Знаете, все эти побудительные вещи с приставкой «надо» — надо любить и так далее, — они немного лукавые.
Ведь Христос никогда не говорил нам, что «надо любить». Он говорил «любите друг друга!» А это вовсе не «обязаны любить». Он говорил, насколько я понимаю, в значении перспективы, по направлению к которой нужно двигаться. Любить — это не требование. Хороша же это любовь, когда она — требование! Любовь — это условие жизни, а не требование, понимаете?
И если у нас нет этого понимания, если у нас во всем звучит «надо», то получается «нетеплая» любовь, вымученная. Есть польза для детей от такой родительской любви? Сомневаюсь.
Нередко это происходит потому, что многое нами делается «от ума». Вот мы услышали правильные слова, изучили известные схемы из достоверных и благословленных источников — и во все эти вещи начали пытаться правильно вписаться. В итоге — получаем жизнь «в образе». Чужом, правда, образе, который в итоге «съедает» своего носителя.
Но если мы ориентируемся не на схемы, даже благословленные, а на Спасителя как на единственный камертон человечности и правильности всего, мы не будем втискивать себя в прокрустово ложе схем и штампов только потому, что общество считает это единственно верным. Ведь это только наша жизнь, и отвечать за нее нам придется лично перед Богом. А Он ведь никогда не играл благочестивого еврея, не смотрел внимательно на реакцию окружающих, не пытался оценить, насколько эффективны или неэффективны Его слова. Он был глубоко естественен. У него болело сердце, когда Он видел, что Лазарь в гробу. И Он плакал. Когда Он видел, что в притворе храма дерут с народа за жертвенных животных во много раз больше, чем за его пределами, Он был в гневе. Он был искренен. И Ему было все равно, какие схемы придумало общество.

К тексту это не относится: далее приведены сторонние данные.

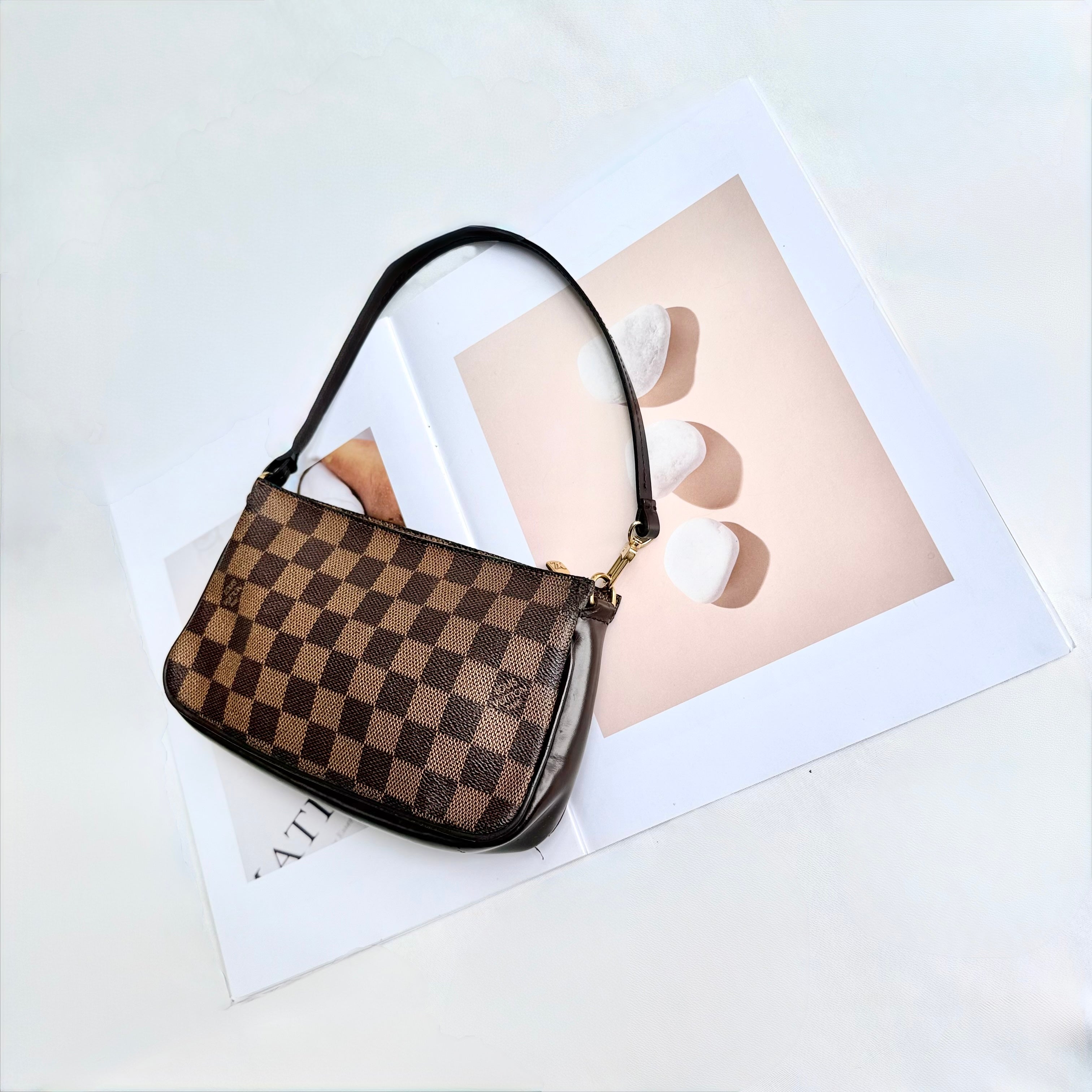 Louis Vuitton Pochette Accessories Damier Ebene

А откуда в нас такая любовь к графикам и схемам? Почему мы непременно должны жить по непонятно кем придуманному алгоритму? Это в нас прямо какая-то глубинная детская непосредственность просыпается, отсутствие внутренней цензуры, некая «правильность». Этой нашей «правильности» у Христа совершенно нет. Поэтому Он свободно переступал не только условности, но даже требования закона — когда видел в этом необходимость.